The nurse encourages the client to participate in all treatment decisions as the center of the health care team. TJC encourages clients to become active, involved, and informed participants on the health care team. By becoming involved and "speaking up" research shows that clients who take part in decisions about their health care are more likely to have better outcomes. The nurse should never want to prevent client questions. While clients are encouraged to be independent, trusted family members and friends can be an asset to the client's care. The nurse should investigate the possibility of an error if the client questions the nurse about a medication.

The nurse is preparing to give the client a bath early in the morning. The client states, "I prefer to take my bath at night. It helps me sleep." What is the nurse's best response? -Work with the evening shift to possibly reschedule. -Inform the client the evening shift will not have time to give baths. -Tell the client that the health care provider has prescribed sleep medication if necessary. -Ask the client for permission to give the bath in the morning.

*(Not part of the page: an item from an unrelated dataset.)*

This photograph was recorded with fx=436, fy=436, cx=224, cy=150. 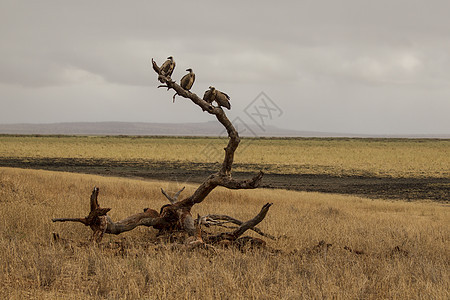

Work with the evening shift to possibly reschedule. The client's preferences are a primary consideration in scheduling interventions. The client's preference to have a bath at night requires a change in scheduling and the nurse should discuss the issue with the evening shift to determine if rescheduling is possible. Asking for permission to give the bath in the morning does not address the client's preference. The schedule of the nurses should not take priority over client desires. Informing the client about sleep medication does not address the client's preference. To just brush off the client's desires is not showing holistic nursing care.